Copy exactly, and only, the lines from the line containing "ADVENTSKALENDER 13. Dezember" through the last line of the records below, both included, and leave out any pictures.

*DATA SUPPLIED*:
-----

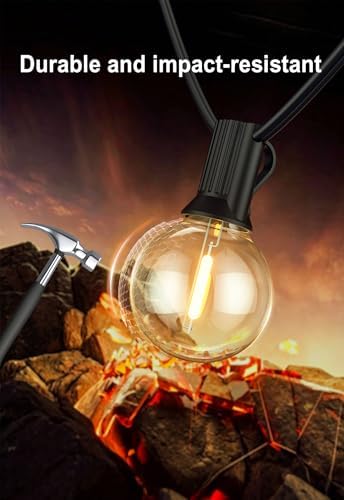 Outdoor String Lights 200FT Wateproof Outside Lighting for Patio Backyard - Image 4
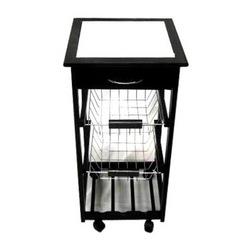 Steel kitchen trolley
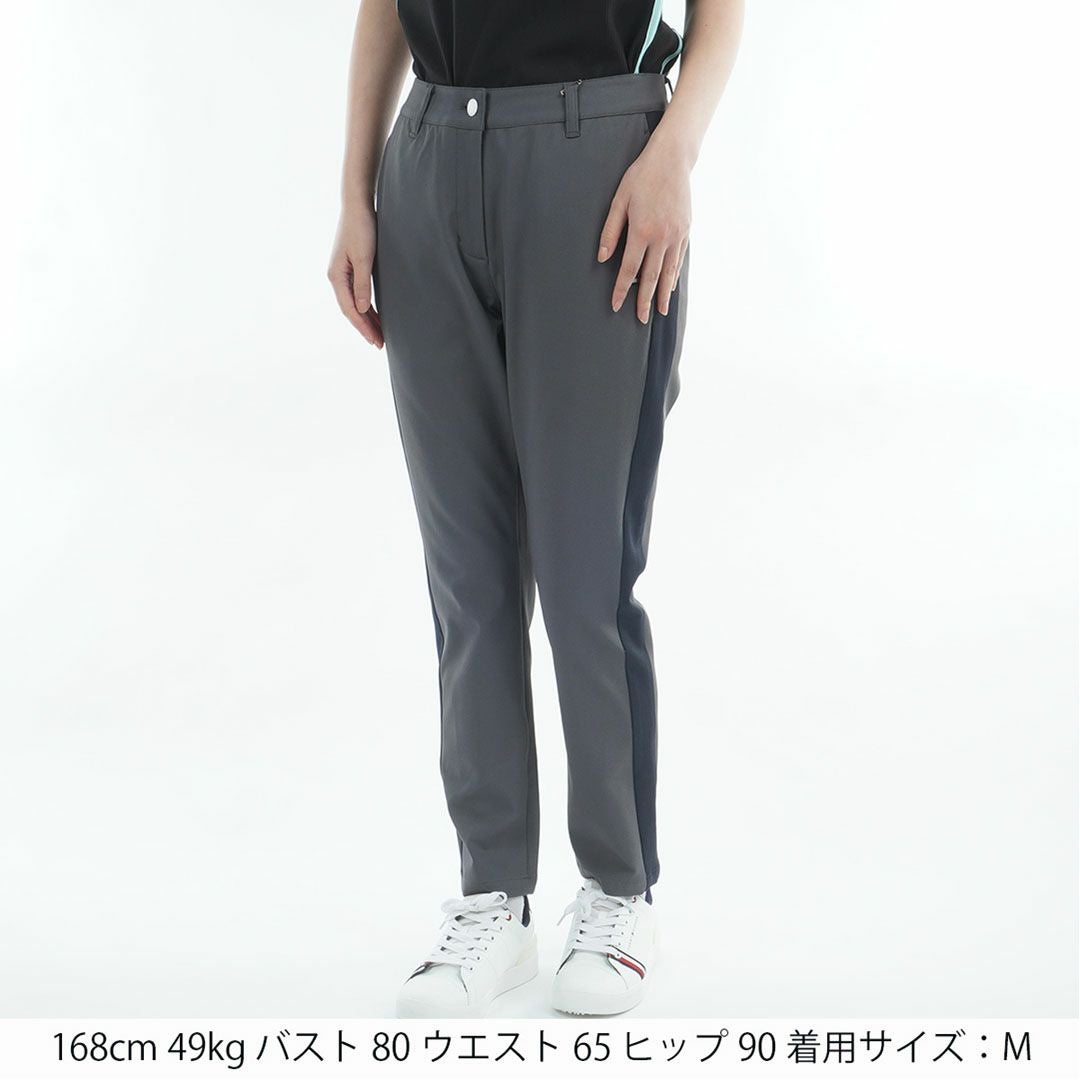 TommyHilfigerGolf トミーヒルフィガーゴルフ レディース ゴルフウェア 九分丈パンツ チャコールグレー 詳細2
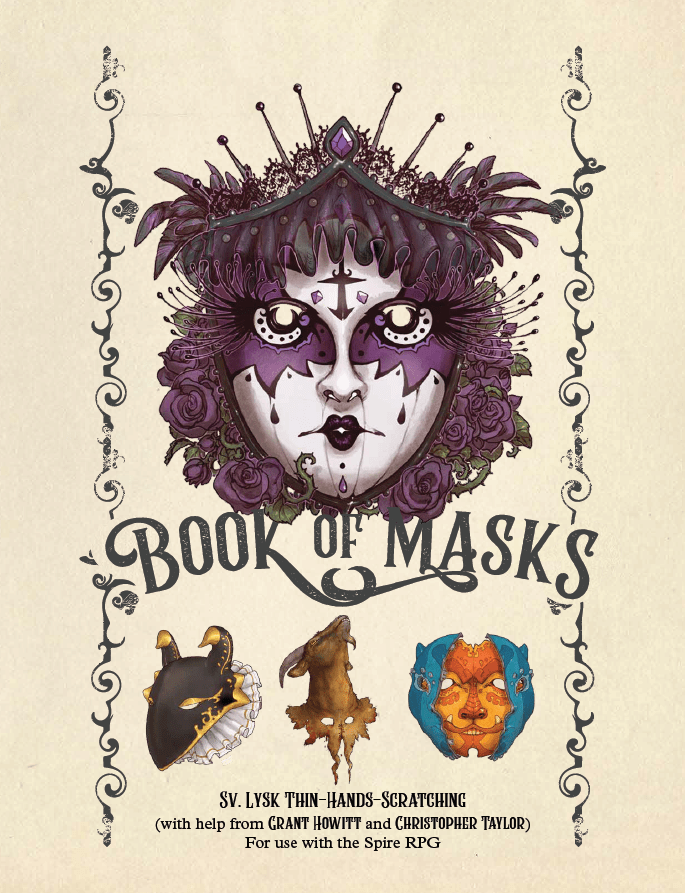 Grant Howitt, Christopher Taylor: Book of Masks (Paperback, 2018, Rowan Rook and Decard)
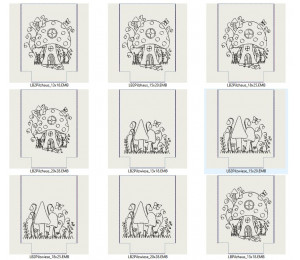 ADVENTSKALENDER 13. Dezember - Stickserie ITH Lichtbeutel Pilzdorf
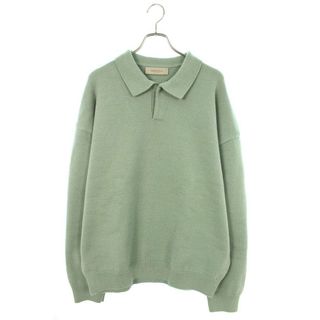 フィアオブゴッド(FEAR OF GOD)のフォグ  ESSENTIALS KNIT L/S POLO SYCAMORE ポロシャツニット メンズ L(ニット/セーター)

-----

*TASK SOLUTION*:
 ADVENTSKALENDER 13. Dezember - Stickserie ITH Lichtbeutel Pilzdorf
 フィアオブゴッド(FEAR OF GOD)のフォグ  ESSENTIALS KNIT L/S POLO SYCAMORE ポロシャツニット メンズ L(ニット/セーター)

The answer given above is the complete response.